Илья Мощанский - У стен Берлина
В Вашингтоне Трумэн заявил, что он шокирован действиями де Голля и обеспокоен тем, что сообщение об инциденте, которое получено в Соединенных Штатах из французских источников, по-видимому, вызовет бурю негодования. По его мнению, если пришло время, когда французскую армию следует рассматривать как армию, выполняющую лишь политические устремления французского правительства, тогда следует внести изменения в структуру командования. Генерал де Голль выразил пожелание избежать создания такого положения и указал, что легко добиться этого, если только союзники Франции признают, «что такие непосредственно затрагивающие Францию вопросы, как оккупация германской территории, должны обсуждаться и решаться при ее участии. К сожалению, несмотря на мои неоднократные просьбы, дело не обстоит таким образом».

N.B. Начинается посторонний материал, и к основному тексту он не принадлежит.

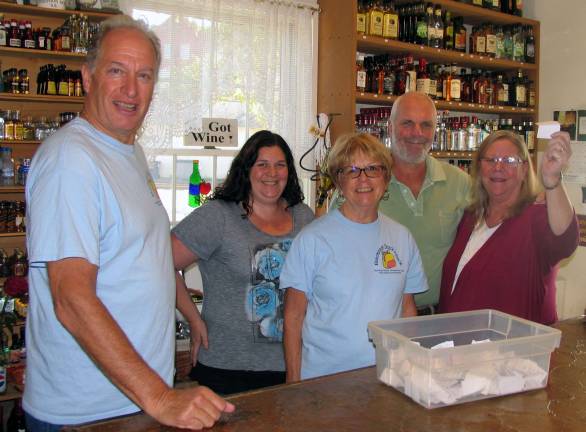 Backpack Snack Attack fund raiser features Marilyn Monroe wine collection Photo by Roger Gavan The drawing for the three-bottle Marilyn Monroe Velvet Wine Collection was held on Saturday, Oct. 12. From left Backpack Snack Attack volunteer Len Singer, Corrine Iurato, Shirley Puett, director of Backpack Snack Attack, and Bill and Debbie Iurato.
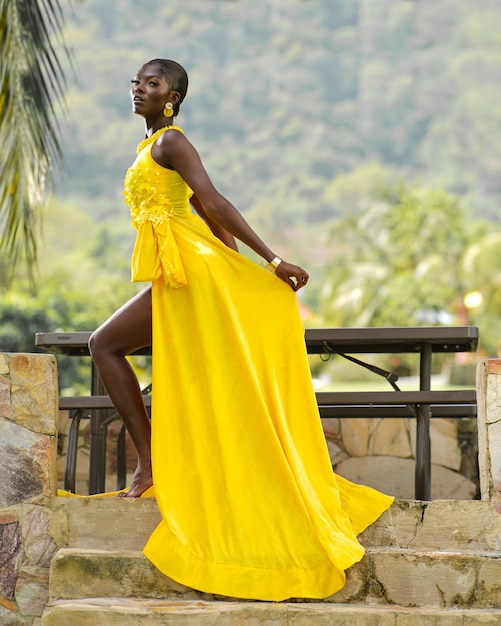 modèle de femme africaine noire en robe jaune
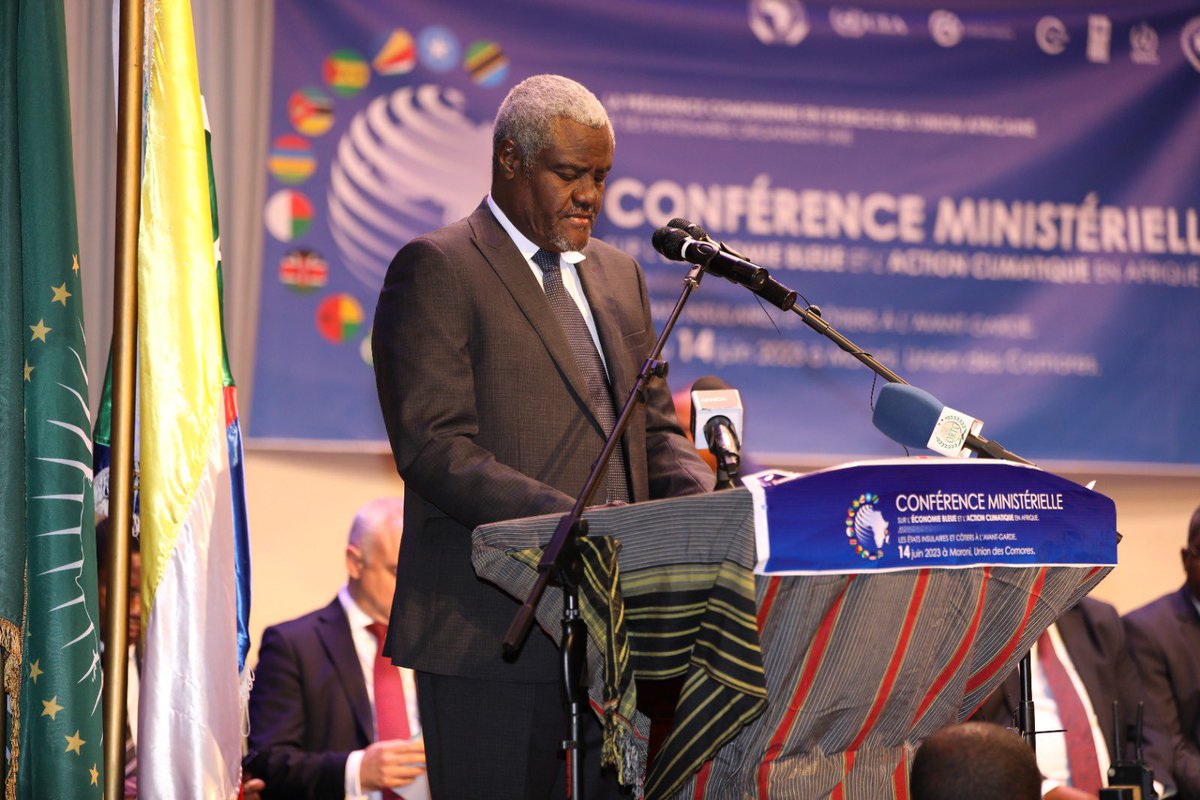 ONU_Comores's tweet photo. Ouverture de la session de haut-niveau de la #BlueFutureConference sous le haut patronage de S.E.M @PR_AZALI  et @AUC_MoussaFaki. Des messages forts sur la voix commune des États insulaires et côtiers africains dans l’action climatique et le développement durable. https://t.co/zBTy1TZSFu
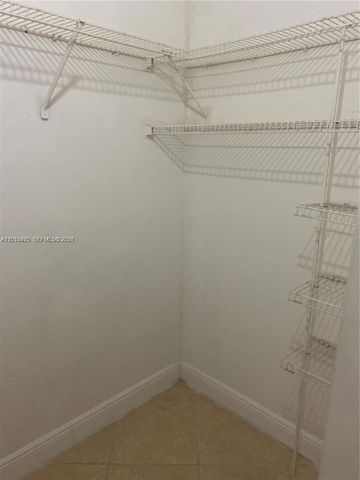 18330 NW 68th Ave G, Hialeah, FL 33015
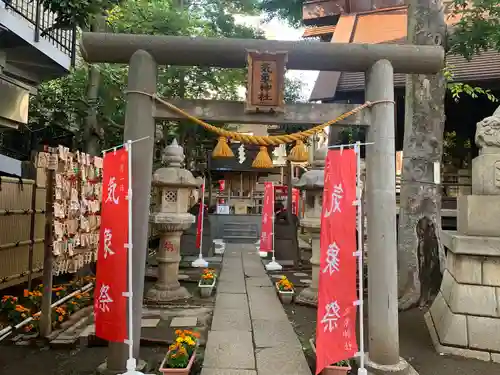 高円寺氷川神社の末社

В той мере, в какой это касалось Эйзенхауэра, с выводом американских войск из Штутгарта инцидент был исчерпан. Война была так близка к концу, что неудобства оставления путей снабжения неприкрытыми хотя и были неприятны, но не носили серьезного характера. Вскоре после этого случая союзники достигли соглашения по вопросу о французской зоне оккупации и участии Франции в контрольном органе для Германии. Этим были удовлетворены главные требования де Голля.
В коалиционной войне в Северо-Западной Европе, когда силы союзных и объединенных держав неудержимо неслись навстречу друг другу через территорию противника, уже к концу марта возникла опасность, что через несколько недель или даже дней могут произойти столкновения между наземными силами дружественных государств. Такие столкновения между частями, дерущимися бок о бок, могли случиться и случались, когда отсутствовала надлежащая координация и связь. Еще более велика была опасность такого столкновения между советскими войсками и англо-американскими союзниками, так как между ними не было прямой проводной связи, а сражение достигло той стадии, когда даже командиры дивизий не всегда полностью были уверены в местонахождении в данный момент своих передовых частей. До первых чисел апреля 1945 года эта трудность не достигла особенной остроты в наземных войсках, но между советской, английской и американской авиацией неприятности возникали еще с лета и осени прошлого года. Усилия, предпринятые с обеих сторон после высадки союзников в июне 1944 года с целью разрешения этого вопроса, осложнялись отсутствием какой-либо договоренности по таким моментам, как установление предельной глубины бомбовых ударов, характер демаркационных линий, метод действий на тот случай, когда соприкосновение окажется неизбежным, отвод войск сторон в соответствующие зоны оккупации и вопрос о продвижении далее согласованной демаркационной линии, когда это окажется необходимым для спасения населения дружественной страны от расправы со стороны немцев.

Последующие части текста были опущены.